イスラム主義組織タリバンが支配するアフガニスタンから逃れた人たちに関しては、身元保証人がいる場合に限り、1年間の在留資格を認めている。
いずれも、生活や住居の支援はない。政府は「個別の情勢を踏まえた措置だ」と説明しているが、筋が通らない。帰国すれば危険が及ぶことに変わりはなく、出身国によって対応に差を付けるべきではない。
過去には、ベトナム、ラオス、カンボジアから、計1万人以上の「インドシナ難民」を受け入れた例がある。その期間は1978年からの28年間に及んだ。
東南アジアの政情不安を懸念する米国からの強い要請があったといわれる。
難民問題に詳しい阿部浩己(こうき)・明治学院大教授は、ウクライナからの避難者受け入れについても「極めて政治的な判断だ」と語る。欧米諸国との共同歩調を明確にするものだと指摘した。
これまでの日本の対応は「難民鎖国」と批判されてきた。難民と認定されれば、長期滞在が可能になり、広く権利も保障されるが、認定率は欧米諸国に比べて著しく低い。
母国に戻れば迫害を受ける恐れがあるかどうかの審査が、厳しすぎるためだ。戦争から避難してきたというだけでは、難民として扱っていない。
「人間の安全保障」こそ
武力紛争から逃れた人も広く難民として扱うのが、世界のすう勢である。
古川禎久法相は難民に準じた新制度を検討すると表明している。しかし、従来の延長線に過ぎなければ、受け入れは進まないだろう。国際的な視点を踏まえた制度づくりが急務だ。

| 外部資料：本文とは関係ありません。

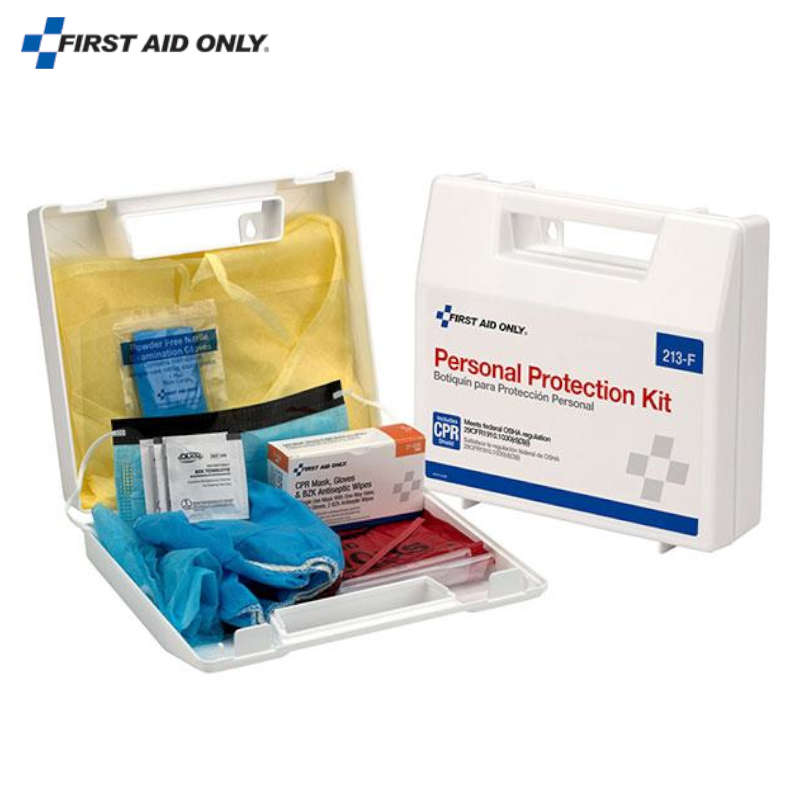 First Aid Only Bloodborne Pathogen Personal Protection Kit With 6 Pc Cpr Pack 31-Piece Kit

国連難民高等弁務官事務所(UNHCR)のまとめでは、2020年末時点で世界の難民は3000万人を超えた。7割以上は近隣国に逃れている。
受け入れ国の負担を軽減するため、UNHCRは別の国への移住促進に力を入れている。米国やカナダなどが積極的に応じる一方、日本はここでも極めて消極的だ。
国家単位ではなく、個々の市民の生活や尊厳を守る「人間の安全保障」を、日本は外交の柱に位置づけている。
その取り組みは、国連への資金拠出や政府開発援助(ODA)が中心だ。それに加え、助けを求めてくる人に手を差し伸べ、受け入れていくことが求められる。
NGO「難民を助ける会」会長の長(おさ)有紀枝・立教大教授は「国際社会で応分の負担をすることを政府が決断し、国民の理解を得る努力をすべきだ」と指摘する。
ウクライナの人々を支援する動きが広がる。難民への意識も高まっている今こそ、日本の「鎖国」政策を改める時だ。